The World Bank-assisted project, in collaboration with the Federal Government, in partnership with the Lagos State Government, held at Topo, Badagry, is part of efforts to utilise water bodies to develop aquaculture and also improve residents’ nutrition.
The State Project Coordinator (SPC), Mrs. Oluranti Oviebo said the state has identified three water bodies that are safe for Tilapia Cage Culture, noting that comprehensive analysis had been conducted on the water bodies in Afowo in Badagry; Agbowa in Ikorodu and Ebute-Afuye in Epe.
According to her, the cage culture is for naturally growing fish in open water but confined in a cage; noting that the earthen pond is the aquaculture, where there are pond and water seepage.
“It is not enough to say you are going into Tilapia farming and then you go in search of any water body to start using.

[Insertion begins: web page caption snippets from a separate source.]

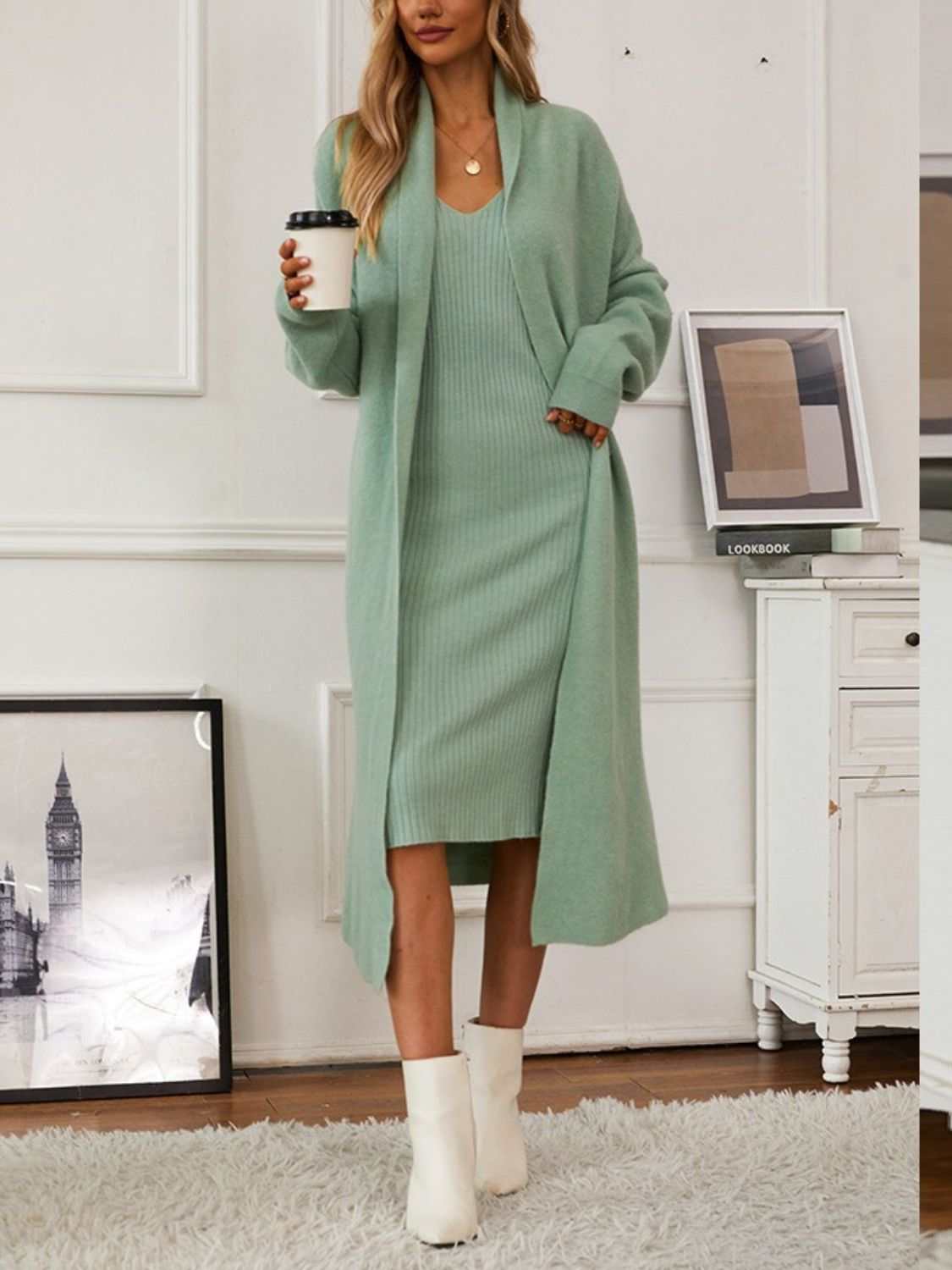 V-Neck Cami Dress with Open Front Cardigan Sweater Set in Light Green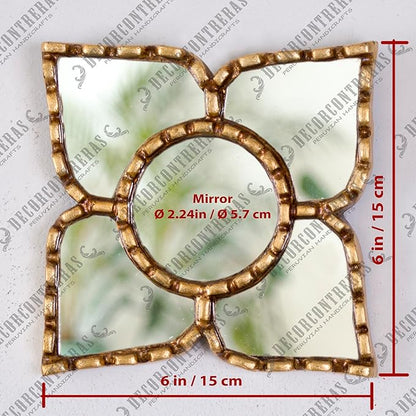 Small Gold Peruvian Mirror Bronze Leaf Frame Handmade Wall Decor 6" Square - 8.3" Diamond - Gift Mothers Day (Gold)
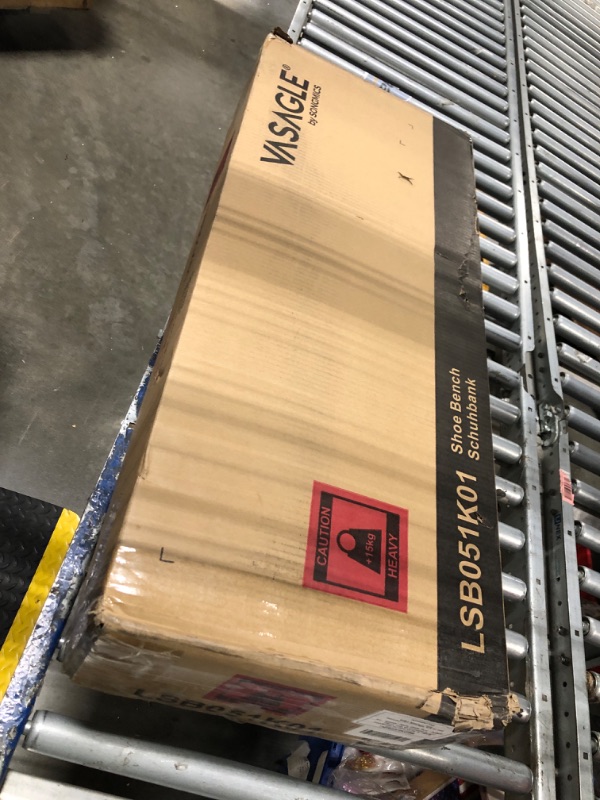 Photo 1 of VASAGLE Shoe Storage Bench with Seating, Shoe Rack with Organizer Drawer, Industrial Style, Steel Frame, Holds Up to 300LB, for Entryway, Living Room, Bedroom, Rustic Brown and Ink Black, ULSB051K01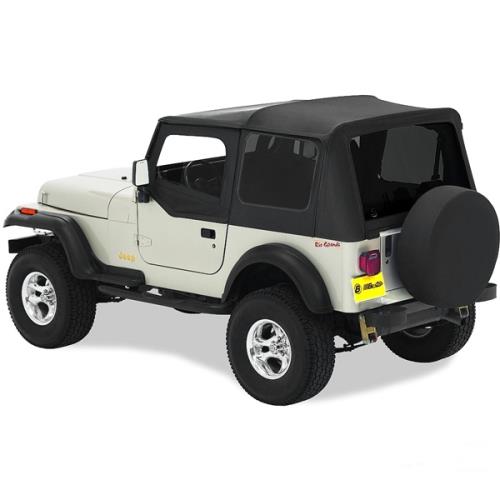 Jeep Wrangler YJ Verdeck Ersatz Verdeckhülle inkl. Aufsteckfenster mit getönten Scheiben Black Denim 87-95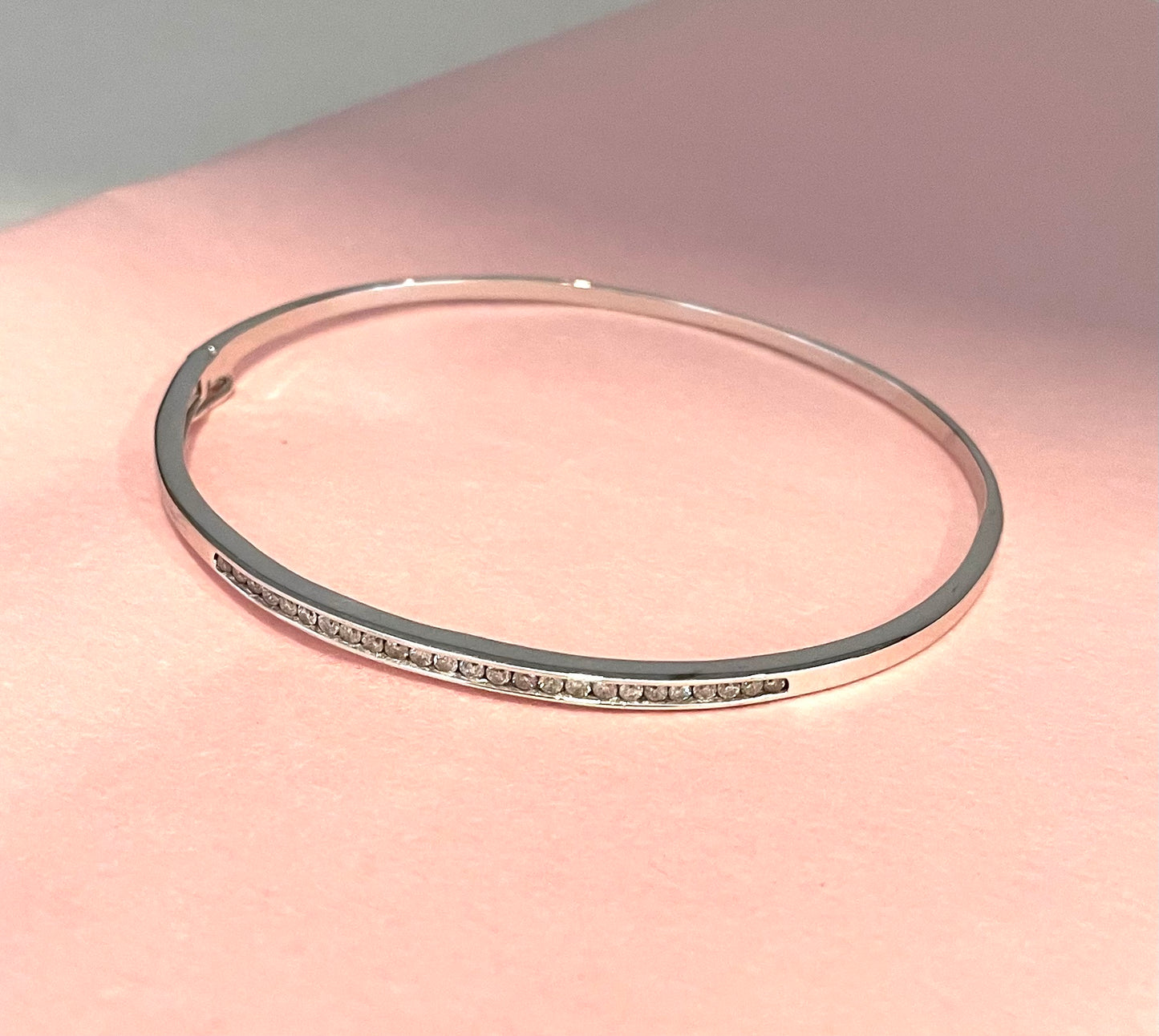 Wonderful Estate Bangle .50cts Diamonds In 10K White Gold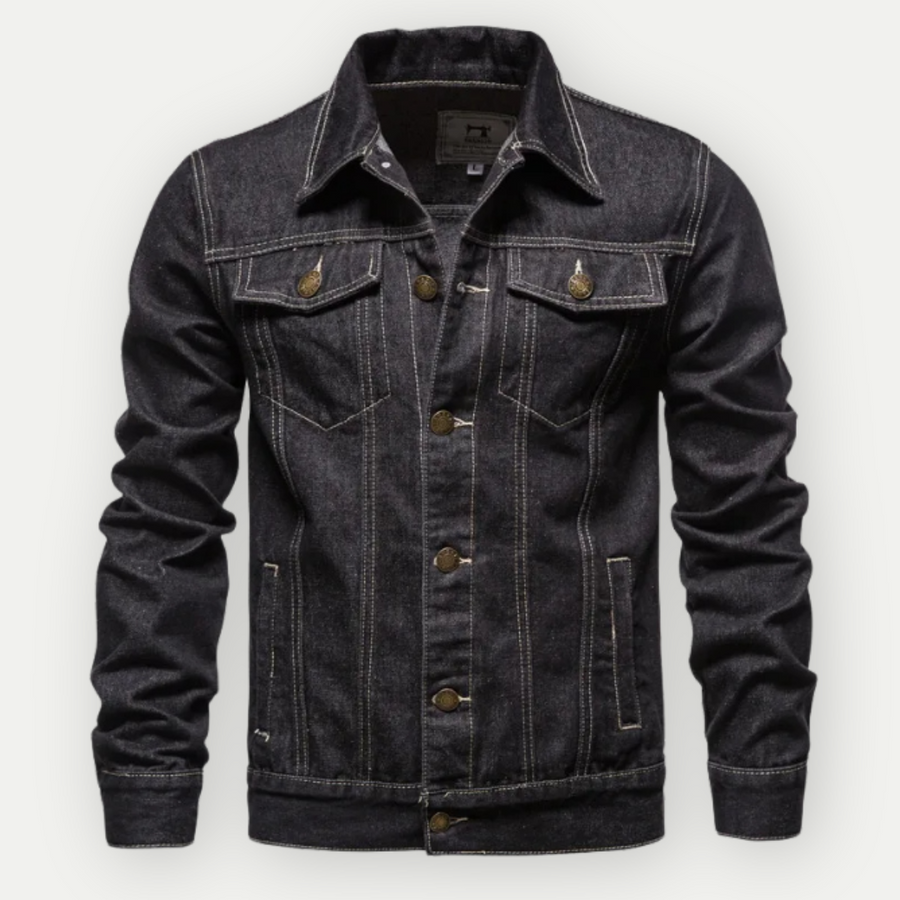Schwarze Jeansjacke für Herren, klassisches Design, robuste Nähte, Metallknöpfe, modisch und vielseitig, ideal für Freizeitkleidung.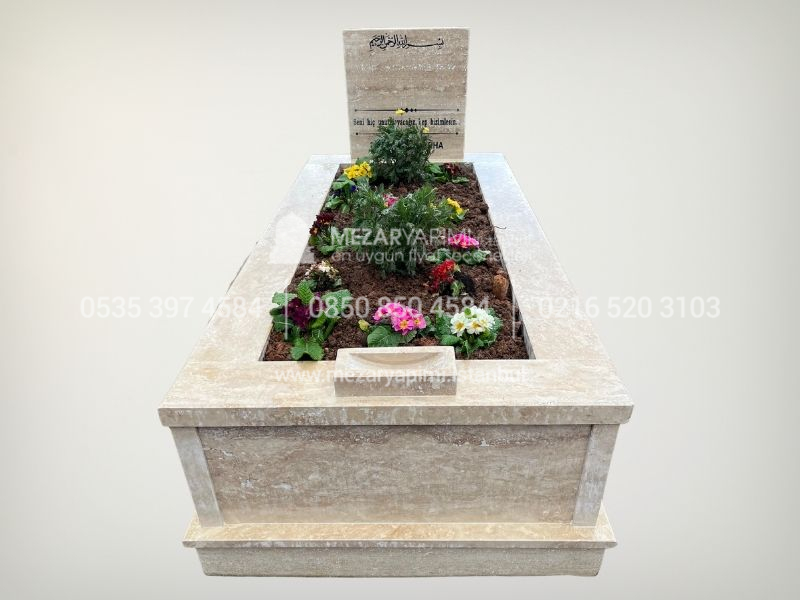 Baş Taşı Küpeşte 6cm Komple Traverten Mezar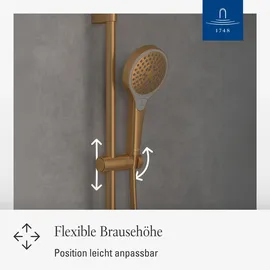 Villeroy & Boch Verve Showers Duschgarnitur 3 Strahlarten brushed gold TVS10900700076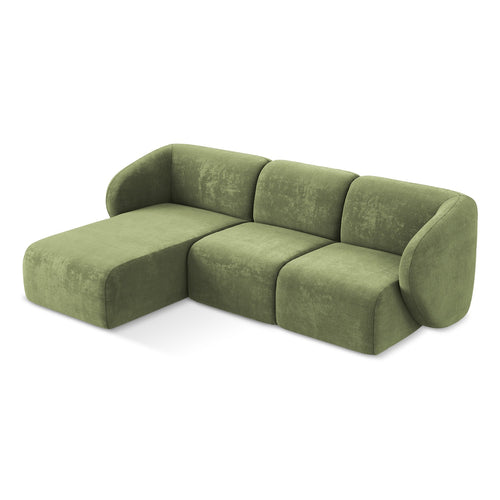 LaMiaSofa hoekbank links Cervo - chenille stof - groente - 248x166x93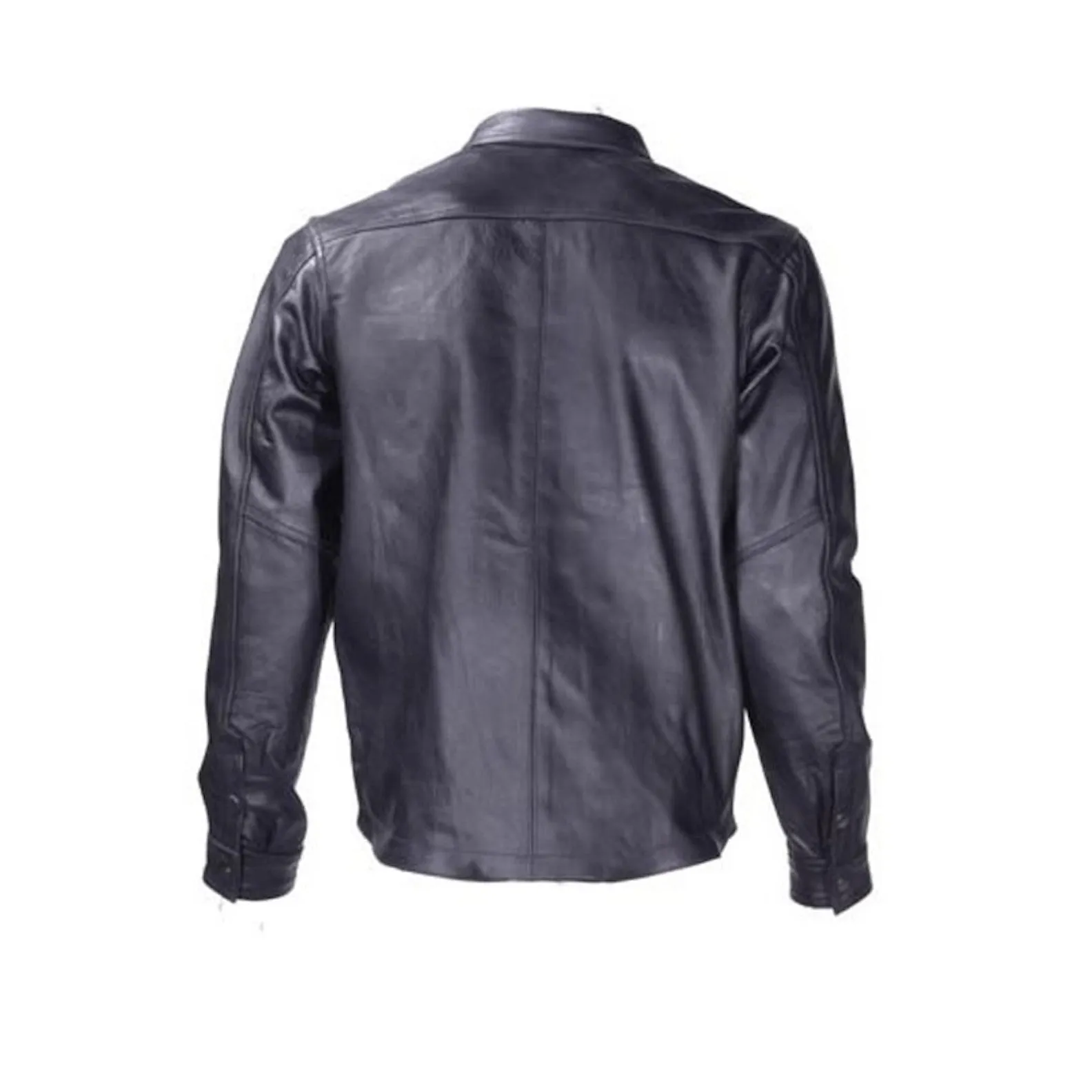 Mens Goatskin Leather Motorcycle Shirt With Concealed Carry Pockets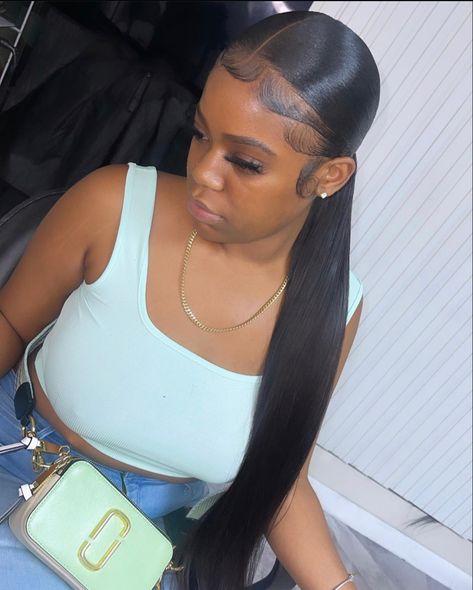 Part Down The Middle Ponytail, Ponytail Middle Part Black Women, Sleek Side Part Ponytail Weave, Ponytail Hairstyles For Black Women Middle Part, Middle Parting Ponytail, Sleek Ponytail Black Women Middle Part, Low Middle Part Ponytail, Ponytail Hairstyles Middle Part, Middle Part Ponytail Hairstyles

We took the samples of the water bodies and the soils so that it doesn’t look like a mere experiment. We have to be sure of the composition of these sites to ascertain their suitability to culture Tilapia,’’ the coordinator said.
Oviebo noted that existing fish farmers must have a minimum of three years of experience in the business, with a very good business plan to access grants.
Permanent Secretary, Lagos State Ministry of Agriculture, Dr. Olayiwole Onasanya said the state is always working out ways of improving farmers’ standard of living through the utilisation of natural endowments.
“We have to improve the nutrition of our people, as well as increase the income of farmers and their standard of living by having more fishes to cultivate to improve their income. With the ecology of Lagos State being a coastal area, endowed with water bodies, we, therefore, need to utilise those water bodies to improve fish production.
A Tilapia Cage Culture Farmer, Mr. Remi Ahmed, who is the President of, Tilapia Aquaculture Developers Association of Nigeria (TADAN), lauded the project for creating an opportunity for farmers to harness technologies in the fisheries sub-sector.
Ahmed said there were certain processes involved in cage culture, that would make tilapia cage culture easy and productive, which farmers hitherto, took for granted.
“This event is to promote the cage culture of Tilapia. There are lots of water bodies that are underutilised. Let me be fair to the northerners who use them for irrigation; but in the West, we do not use them for anything.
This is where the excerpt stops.